5. Keem Beach, Co. Mayo
Those who visit the village of Dooagh are often captivated by Achill Island’s Keem Bay. Safely nestled in the horseshoe shaped valley, travelers can explore Keem Beach’s uniquely beautiful cove, which is surrounding by jaw dropping cliffs.
This area is only accessible by a Croaghaun mountain road, which is well known for its high altitude sea cliffs, which are the tallest in Ireland. Keem Beach used to be home to a basking shark fishery and while many trek to this secluded strand on the spectacularly scenic strand for the majestic view, it is also a popular destination for scuba divers and snorkeling enthusiasts.
4. Dog’s Bay and Gurteen Bay, Connemara
These two amazing white sand crescents almost look like a mirror image of each other when viewed from above, with just a few hundred metres of flat green headland keeping them apart. The sand here is part of the appeal, consisting of shells from sea creatures or foraminifera, which gives the sand its dazzlingly white colour.

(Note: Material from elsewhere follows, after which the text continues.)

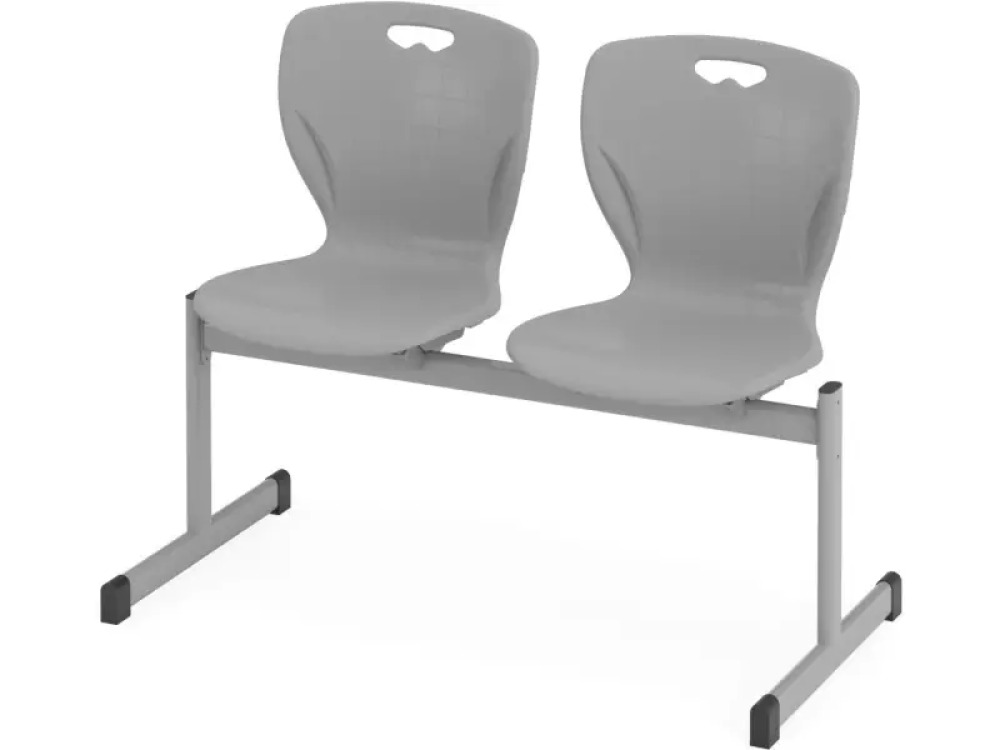 MultiSeat. 2-person cloakroom bench 6. Grey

The beaches are some of the safest in the area, protected from waves and without any major currents to be cautious about. The only thing you may need to fear is the temperature of the water – in January and February the weather in this part of Ireland can be pretty unbearable, with temperatures as low as 2°C. While there are no facilities by the beach, there is a decent supermarket in the village of Roundstone, just three miles away.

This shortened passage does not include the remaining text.